We did the Ramparts Walk yesterday.
No matter what the guide books tell you, you can only access the ramparts from Jaffa Gate. The books don't really make that clear. There are exits along the northern wall at Lion's Gate, New Gate, Damascus Gate, and Herodes' Gate. On the southern part the exits are at Zion Gate and Dung Gate - but the entrance is only at Jaffa Gate. The northern and southern parts are not connected, so it's kind of awkward if you want to go the entire way - you have to go north or south, then double back to Jaffa Gate and walk the other part. Also, the bits around the Temple Mount are closed, unfortunately, and the northern walk is closed on Fridays.
We decided to walk the southern part because we wanted to visit the Temple Mount afterwards. Since our initial plan to walk from Damascus Gate all the way to Dung's Gate didn't work out (see above), we walked the nice path along the outside of the wall to Jaffa Gate. Grassy patches where Israeli kids played soccer, some odd art installations, great views of the city, the tracks of the Light Rail close by (if you have boys, that's a definite plus), and bit and pieces where the kids can walk on low walls.
Jaffa Gate is very busy. It's a challenge to cross the street as traffic just rolls in through the gate. For someone like me who thought the Old City was off limits to cars, that was a surprise. Now, if you want to do the Rampart's Walk, the access to the Northern Part is right inside the gate on your left. There is good signage there. The access to the southern part is a bit hidden - you have to walk out of Jaffa Gate around the Tower of David (which made David giggle in delight) and the museum - there the access around the corner. You pay a staggering amount of money -- but the nice gentleman only counted two of my kids - then you climb two floors' worth of steps and arrive at the ramparts.

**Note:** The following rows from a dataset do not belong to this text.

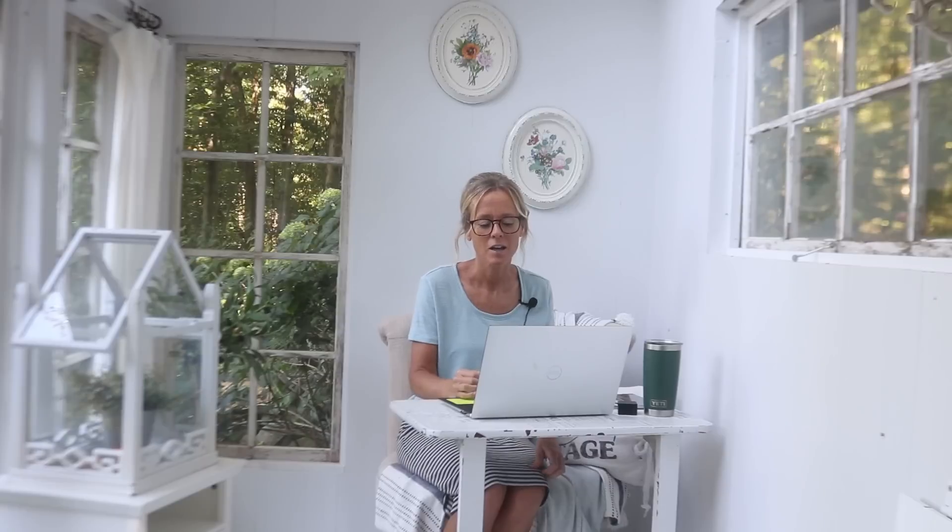Mary Carper asks who took care of Pebbles while we were away. She was really well taken care of — well fed by Marlene and MB. I know she missed me though; she really likes my lap. She did not lose an ounce while we were gone.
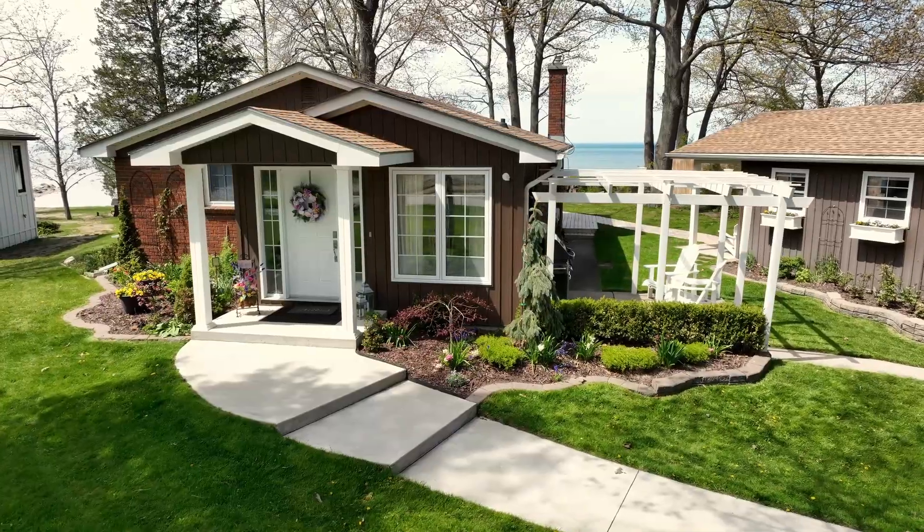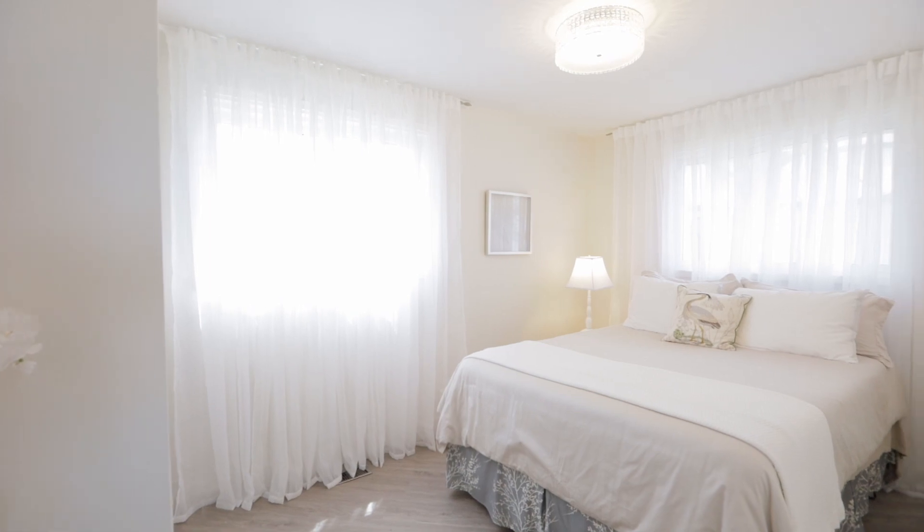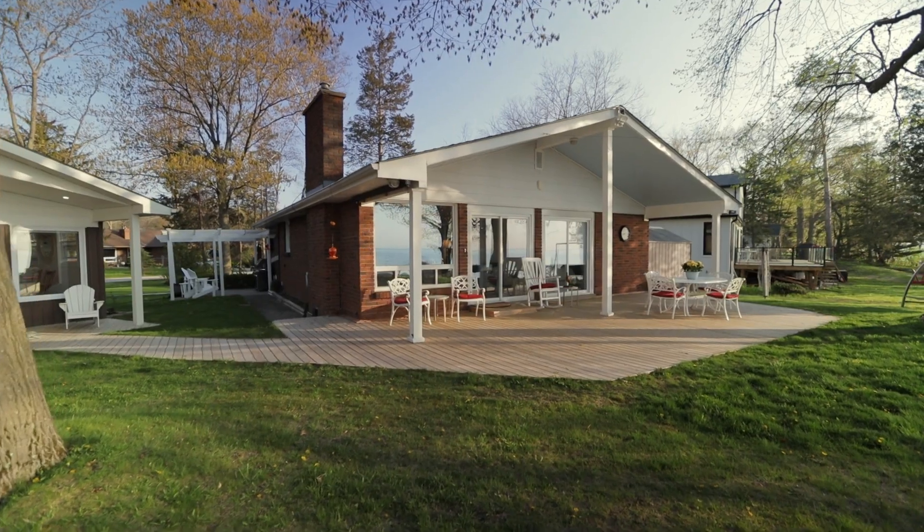My third favorite thing about this property: the brick bungalow. It's two bedroom, one bath, fully renovated in 2017. Everything inside and out on this property has been redone for you to enjoy.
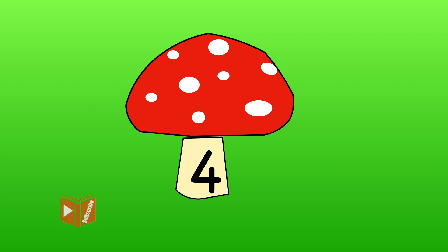We've now finished working with numbers to five. Remember to subscribe to my channel to find out about my other videos. Bye!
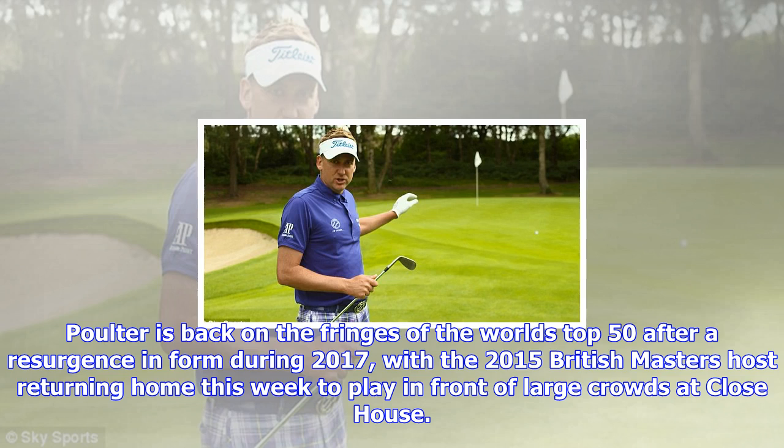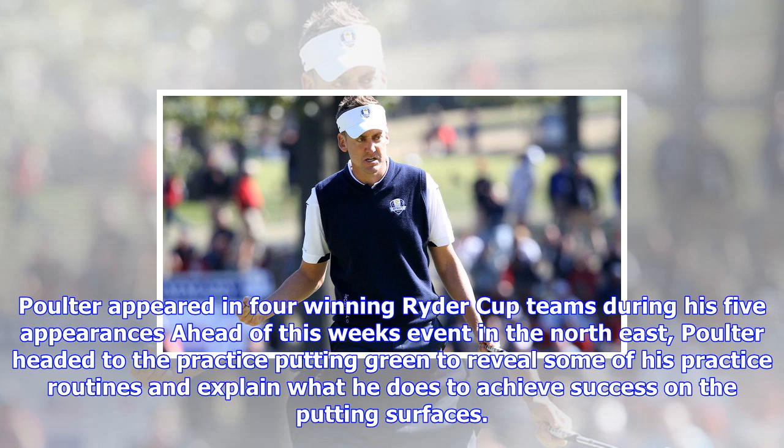Poulter appeared in four winning Ryder Cup teams during his five appearances ahead of this week's event in the Northeast. He headed to the practice putting green to reveal some of his practice routines and explain what he does to achieve success on the putting surfaces. The 12-time European Tour winner also offered guidance to improve your putting and answered the best of the questions sent in from the audience.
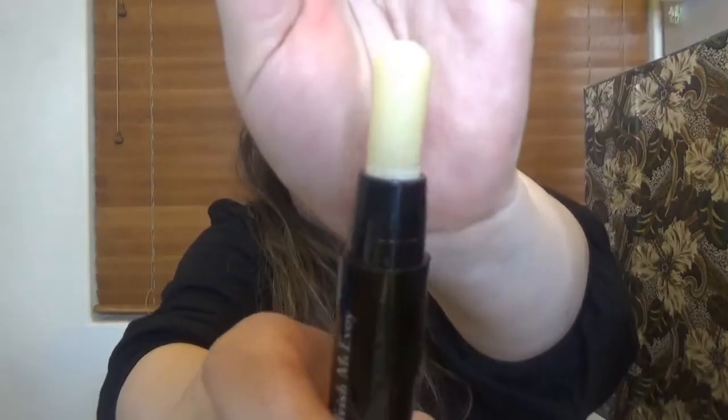Day twenty-three: we have Trish McEvoy. It's the Beauty Booster Moisture Stick — a multi-purpose product designed to nourish chapped lips and dry patches of skin. Probably mostly a lip balm for me, since I have very oily skin and I don't see another way to use this one.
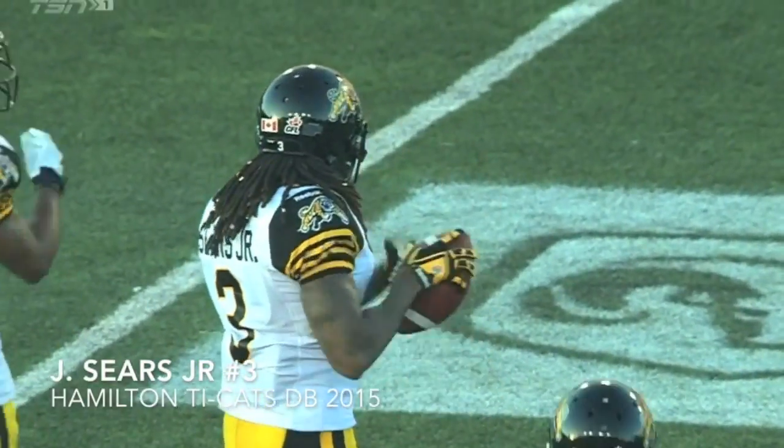On the Stampeders' side of the half, the Hamilton Tiger-Cats are on beat. We all here first, now stand up. Stay tuned.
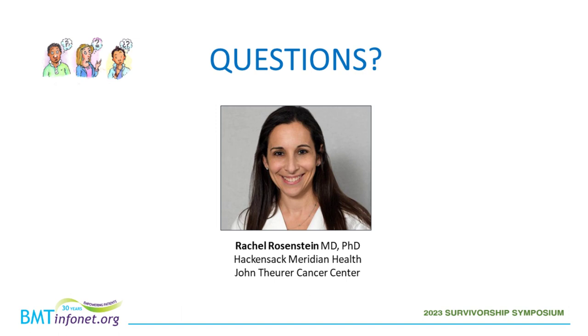Thank you, Dr. Rosenstein, for this excellent presentation. If you have a question for Dr. Rosenstein, please use the chat box on the left side of the screen to submit your question. We will answer as many questions as possible. Our first question is: are there any signs of nail health to watch for? For example, my nails are now rigid — is this related to menopause, or should I be concerned?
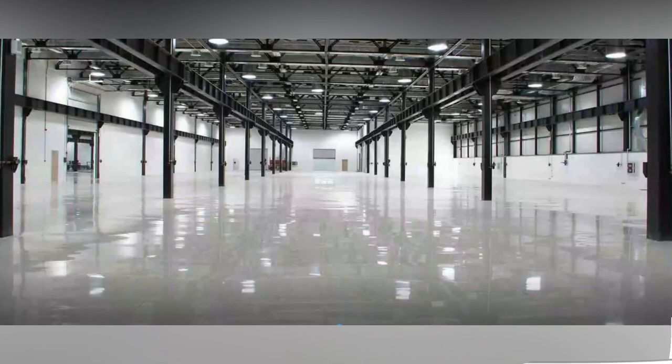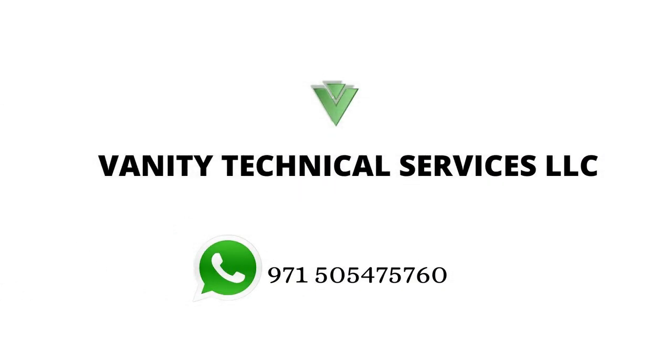So it is better to install polyurethane flooring by an experienced team like Vanity Technical Services LLC. Contact: +971505475760.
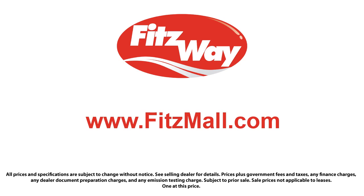The Fitzway puts the customer first with honesty, respect, and a total commitment to customer satisfaction. That's the Fitzway.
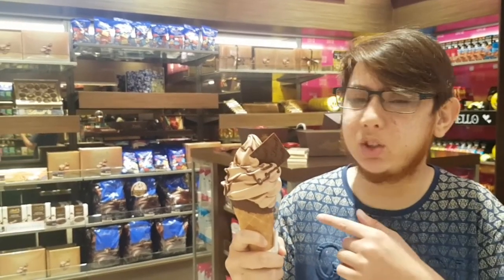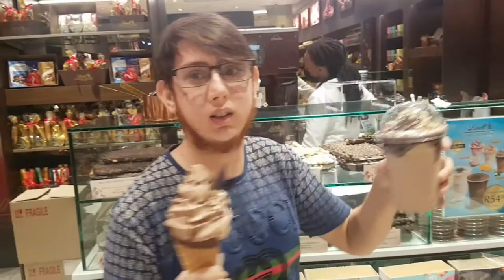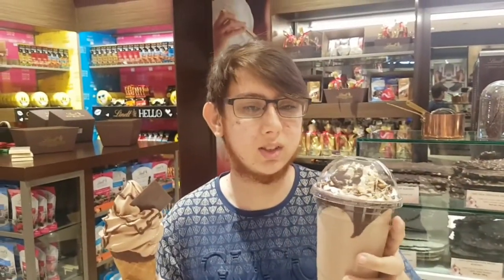Welcome back to The Taste Pod. Today we are at the Lindt shop in Pavilion. This is the milk chocolate Lindt ice cream — you can see it's got a Lindt chocolate here with some drizzle of chocolate, and it's absolutely warm. We've also got a Lindt shake over here. We're going to taste this and see how it tastes.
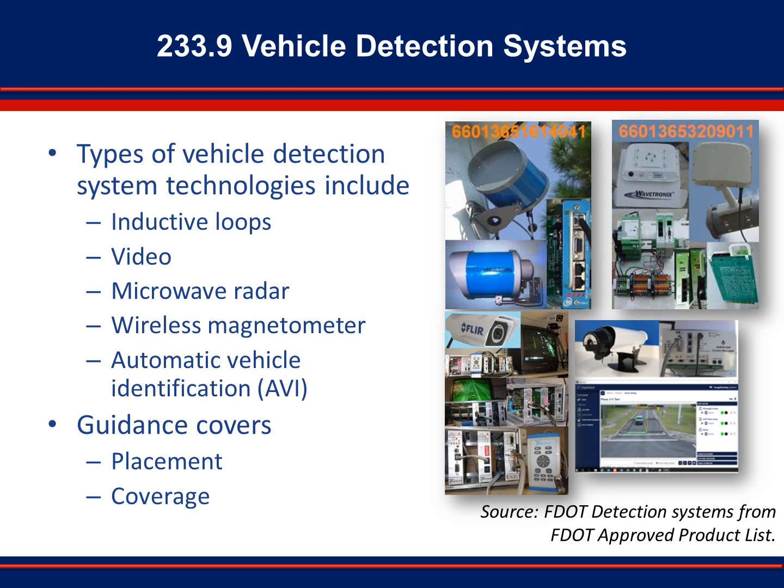Section 233.9 covers the design requirements for each of the vehicle detection systems currently in use by the Department. Standard Specification 660-2 covers the installation and material requirements for each type of detection system. Detection technologies include microwave, video, inductive loops, wireless magnetometers, and automatic vehicle identification. Design guidance for each type of detector covers detector spacing for urban and rural locations, detector spacing for express lanes, lane coverage, and compatibility with several context-sensitive design classifications.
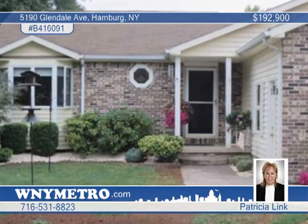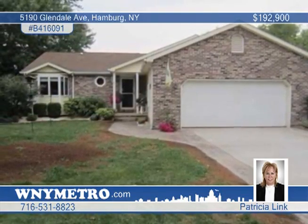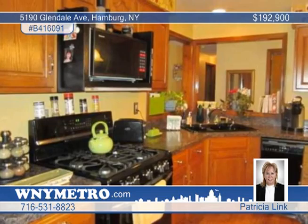Patricia Link can place you in this magnificent, sprawling brick and vinyl ranch. This three-bedroom, two-bath home in Hamburg was custom-designed with the finest amenities.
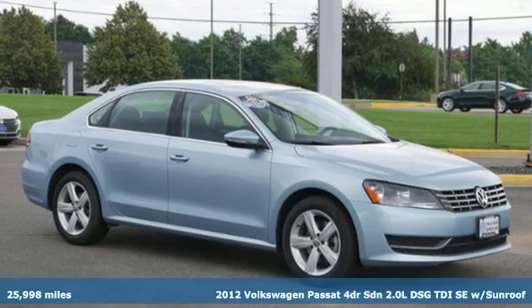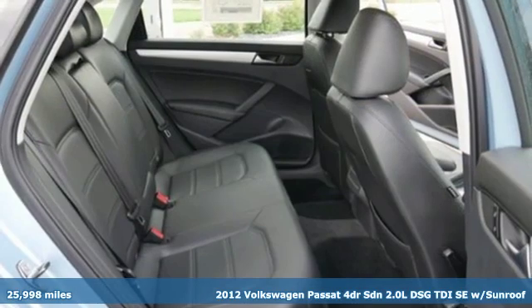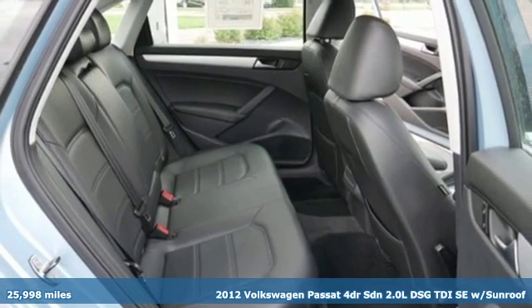Here's a 2012 Volkswagen Passat. Family time picks up a few more fans in this Passat.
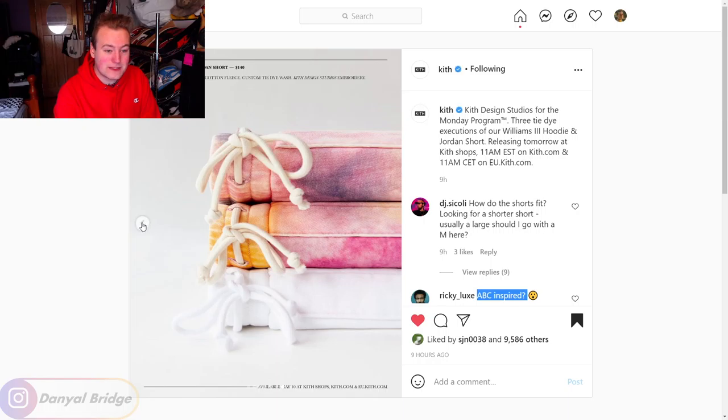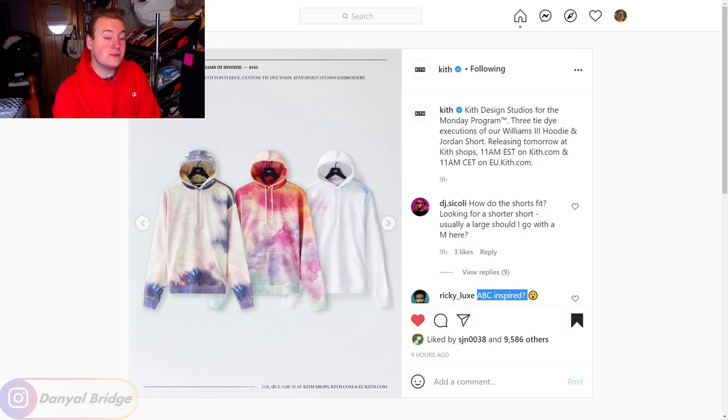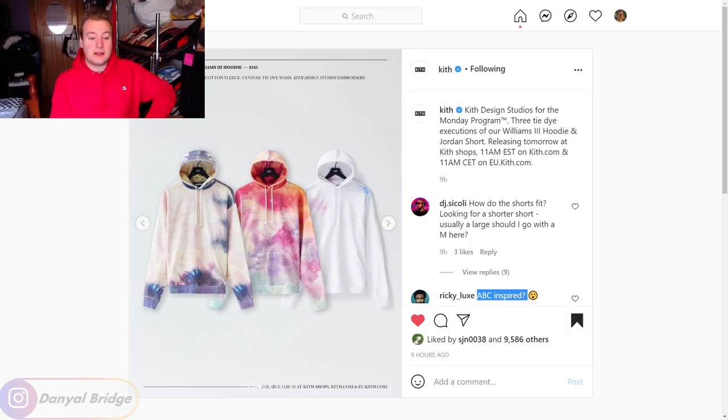Will I be picking up any of these pieces from this Monday program? I don't think so — I'll probably skip this one. I don't usually cop a lot of Kith pieces; I just like covering them on the channel. To celebrate Kith's new Design Studios I'm pretty happy with it, and I'm interested to see what they do with this sub-label going forward — whether they introduce dyed pieces in seasonal collections or keep releases to Monday programs. I think it's a good way to kick it off. Let me know if you're picking anything up or whether you want to see what Kith Design Studios does further down the line.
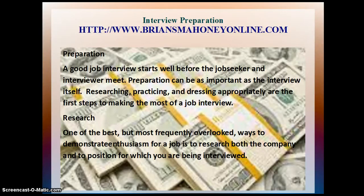Preparation. A good job interview starts well before the job seeker and interviewer meet. Preparation can be as important as the interview itself. Researching, practicing, and dressing appropriately are the first steps to making the most of a job interview.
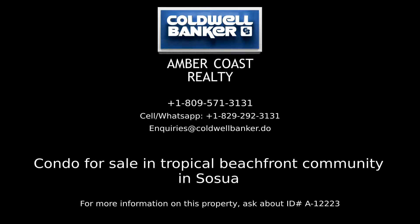For more information, visit www.fema.org. For more information on this listing, please contact Amber Coast Realty, your real estate professionals in the Dominican Republic.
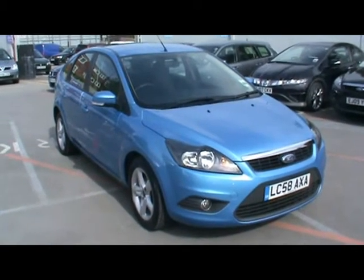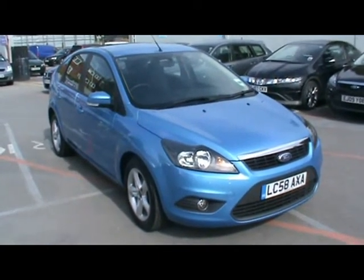Hello and welcome to Imperial Cars. I'm here today with a Ford Focus Z-Tec on the 58 plate. I just want to show you a few things about the car.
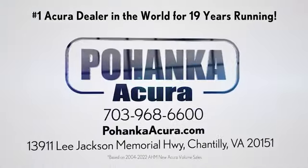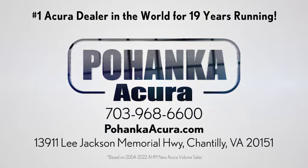Blanca Acura is a great place to buy a car. We're conveniently located on Lee Jackson Memorial Highway in Chantilly.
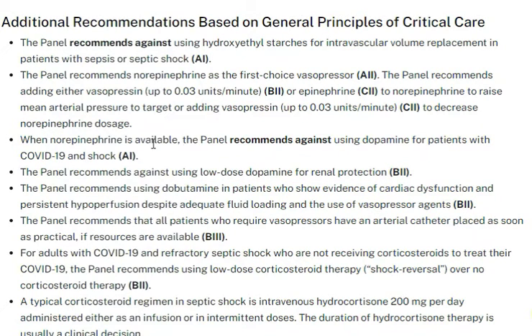With norepinephrine, there is no proof that any other agent is superior. Norepinephrine remains the drug of choice because the COVID-19 patient is managed the same as a septic patient.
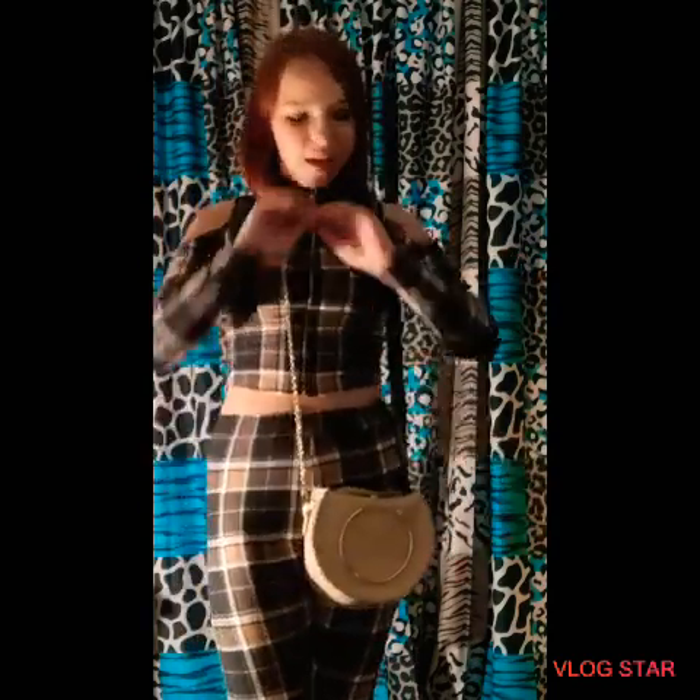Let me know what you guys think in the comments because I really love this whole entire outfit — I'm obsessed with it. I don't really know how many times I'm actually going to wear it, but it's just something cute to have.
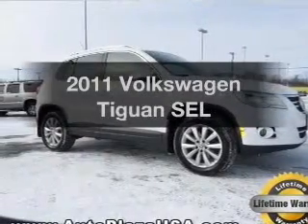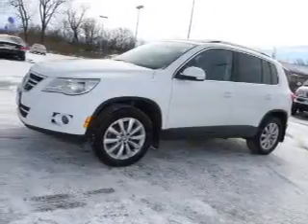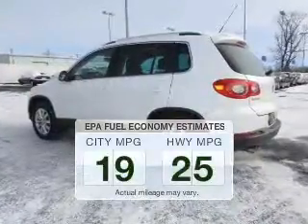Imagine yourself in this 2011 Volkswagen Tiguan. If you're looking for a first-rate auto, this one could be yours today. Save your money and make fewer trips to the gas station when driving this fuel-efficient vehicle.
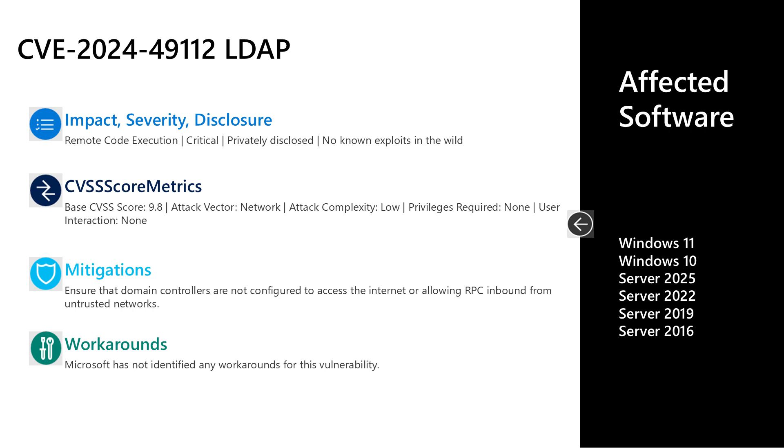As far as the affected software, it's all versions of Windows that are in support — whether that's Windows 10 or 11 on desktop, or Server 2016, 2019, 2022, or 2025 on the server side.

Two words of warning: on large stretches, your kids won't be seeing much as the walls are quite high. That also means they won't fall over, so that's good. However, the stones are extremely slippery. Thousands of years of trotting people have given the stones a very nice sheen - not a good thing when you climb down the really steep steps. Leah fell twice, and I slipped three times. I'm especially anxious about falling as I carry the expensive camera around. We didn't get hurt but if you are not a good walker, don't go to the ramparts.
But other than that, it's fantastic and something everybody should do. You get the best views of the city, of the Armenian quarter (complete with Armenian flags which was a funny sight to me), of the Church of Dormition, you can see as far as the Jordanian mountains, you see the Mount of Olives with all the tourist busses, and the Temple Mount. It's a fantastic walk.
We left at the Dung Gate and doubled back to the playground the kids had spied from the walls. And then we went to the Temple Mount but that deserves a post in its own right.